Cette transmission s’effectue au niveau des synapses. Ces structures fonctionnelles constituent des zones de communication entre deux neurones où le message nerveux est transmis le plus souvent sous forme chimique, via des neurotransmetteurs. Il existe également des synapses électriques.

L’ensemble des informations, des stimuli, des ressentis perçus notamment à travers les cinq sens circule dans le système nerveux.

Chaque odeur, chaque son, chaque bruit, chaque image et chaque sensation corporelle est envoyée au système nerveux.

Il est au centre : il bloque ou libère, il stocke ou fait circuler.

Assurer une bonne régulation du système nerveux, c’est d’abord maintenir un équilibre électrochimique permettant une transmission efficace de l’information.

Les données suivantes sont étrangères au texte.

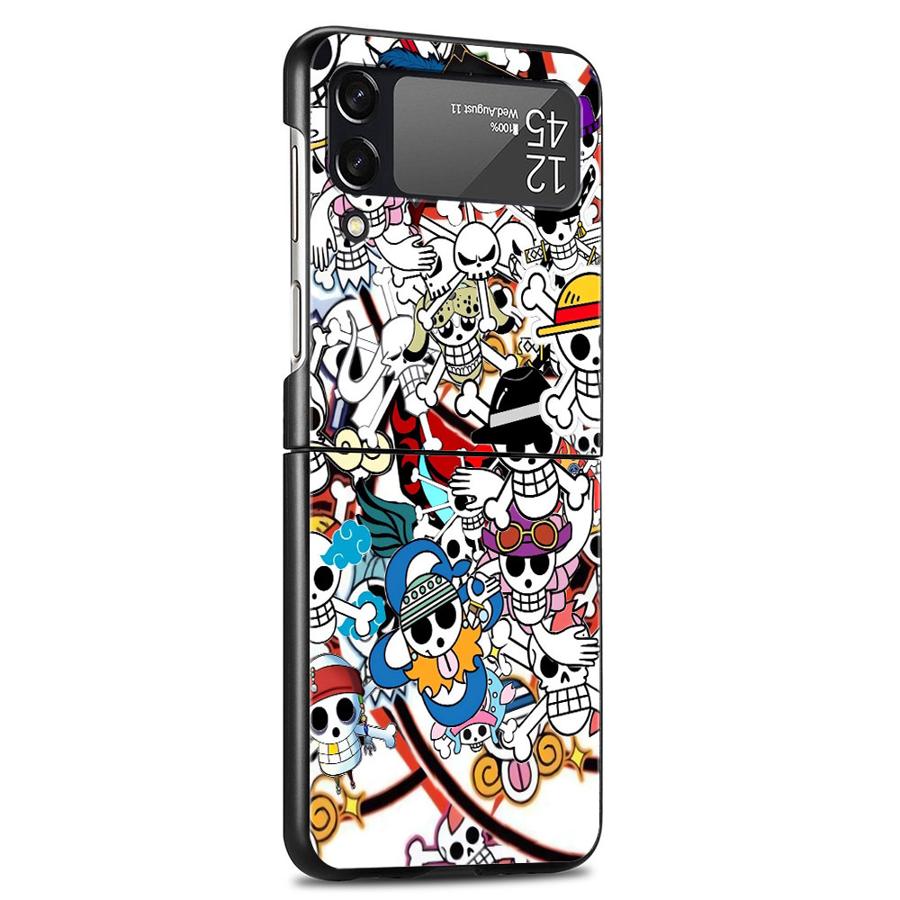 Case for Samsung Galaxy Z Flip Z Flip 3 Z Flip 5 Z FLIP 6 Back Cover Cartoon Q Version Of Zoro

La nutrition constitue le premier levier de régulation avec un apportant suffisant en vitamines et nutriments (vitamines B, Magnésium, Zinc, acides aminés, Oméga-3 …) ainsi qu’une hydratation adéquate pour maintenir l’équilibre hydrique.

L’équilibre hormonal, ou endocrinien, est également directement lié à celui du système nerveux. Les hormones modulent l’activité des neurones, notamment leur plasticité synaptique, leur excitabilité ainsi que l’humeur.

Ensuite, le sommeil joue un rôle majeur dans la régulation des neurotransmetteurs, la récupération cellulaire, le bon fonctionnement métabolique et la restauration énergétique. Maintenir un rythme circadien avec une exposition à la lumière dès le réveil et une réduction de l’exposition aux écrans avant le coucher favorise une bonne qualité de sommeil et une régulation nocturne efficace.

L’activité physique régulière améliore la plasticité synaptique, notamment via la production de BDNF (Brain-Derived Neurotrophic Factor). Elle augmente également la variabilité de la fréquence cardiaque au repos, véritable indicateur d’un bon équilibre entre activité sympathique et parasympathique. Elle favorise l’augmentation de la sérotonine, qui régule l’humeur et le stress, ainsi que de la dopamine, impliquée dans l’énergie et la motivation, et stimule la libération d’endorphines, souvent appelées « hormones du bien-être ». L’activité physique agit ainsi comme un modulateur neurochimique global.

Enfin les stimulations cognitives et sociales influencent positivement la plasticité neuronale. Cultiver des relations sociales de qualité, continuer à apprendre et à se former chaque jour, et entretenir sa curiosité sont autant de leviers pour maintenir et renforcer l’activité neuronale

Il existe également des facteurs défavorables susceptibles de perturber le bon fonctionnement de cet équilibre électrochimique. L’inflammation chronique altère directement cet équilibre et, en l’absence de réponse adéquate, elle peut à long terme favoriser l’apparition de maladies dégénératives, de cancers ou d’autres pathologies chroniques. Qu’elle résulte de la pollution, de l’alimentation, du stress ou d’infections, cette inflammation chronique perturbe durablement la neurotransmission.

Des facteurs exogènes comme l’alcool, la caféine, les psychotropes modifient directement l’équilibre électrochimique.

Adapter son hygiène de vie, limiter les apports d’excitants, réguler le stress notamment par la respiration, et traiter les sources d’inflammation sont autant de leviers pour soutenir la régulation du système nerveux, améliorer la qualité de vie et favoriser une santé durable.